Introduction to Pandas (Python)
A very brief explanation of Pandas
This post belongs to a series of blog posts about the Pandas library. Pandas is an easy open-source software library for data manipulation and analysis. It is built on top of the Python programming language. Pandas provides tools for reading and writing data between in-memory data structures and different formats such as CSV, JSON and Excel. It also provides tools for data cleaning, aggregation, and transformation. Pandas is a very powerful tool for working with Python and can be used in many different occasions.
In the scope those posts we will focus mainly on a business setting and our examples will match that logic. In this regard, we will utilize Pandas as an Excel alternative for fast data manipulation and automation of tasks. For example we may want to create or modify a sales report or raw data exported by our ERP. Those kind of automations are particularly useful for Sales Managers, Product Managers, Financial Analysts, Accountants and workers in similar disciplines.
The logic behind this series of posts is to help the average business workers (not programmers) make their everyday work a lot easier with the power of Python & Pandas. It also intends to be a quick “refresh” guide for those with some basic knowledge (or experience) that need to revise or remember again some bits of code.
Pandas Installation
In order to install Pandas (assuming we already have Python installed in our computer) we need to open the command prompt (or terminal in case of Linux) and type:
pip3 install pandas
Our first Excel import
Note: Everything after the character “#” is a comment and it is ignored by Python. Comments help those reading the code to make sense of the logic and better understand parts of the code. It is an essential part of programming. Below is the Python Code we need to write:
# Since Pandas is an external library we need to import it first.
import pandas as pd
# Read the first sheet of the Excel file, skipping the first 4 rows and last footer
df = pd.read_excel("file.xlsx", sheet_name=0, skiprows=4, skipfooter=1)

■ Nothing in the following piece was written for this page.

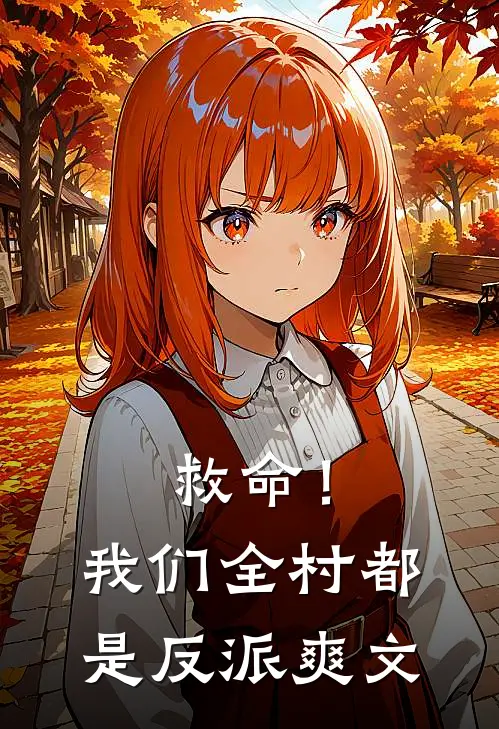 救命！我们全村都是反派爽文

# Print the contents of the dataframe
print(df)
This code above will read the excel file named: “file.xlsx” using the read_excel function. It will then store the data in a Pandas DataFrame with the name: “df“.

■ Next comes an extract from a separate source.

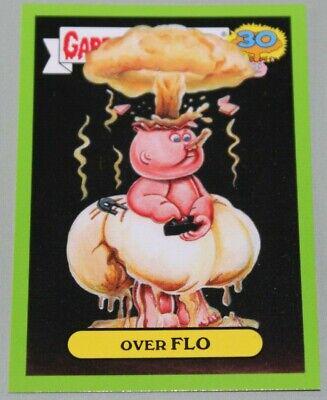 Over FLO [Green] #7a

The additional parameters we declare are:
- “sheet_name=0”: This will read the first sheet of our excel (in case we have many sheets; otherwise we can skip that part). We write “0” because in Python the first number is always zero.
- “skiprows=4”: In this example we skip the first 4 rows. Sometimes this is the header of a business report such as Report title, date of the report, etc.
- “skipfooter=1”: This will skip the last row. Sometimes this is a “Grand Totals” row or some kind of report summary.
Finally, we use “Print” to have Python print the contents of our DataFrame. This way, we can be sure that our import was successful.
I will stop at this point in order to avoid lengthy & difficult to read posts. In the next examples that will follow, we will see how to manipulate our data in various ways.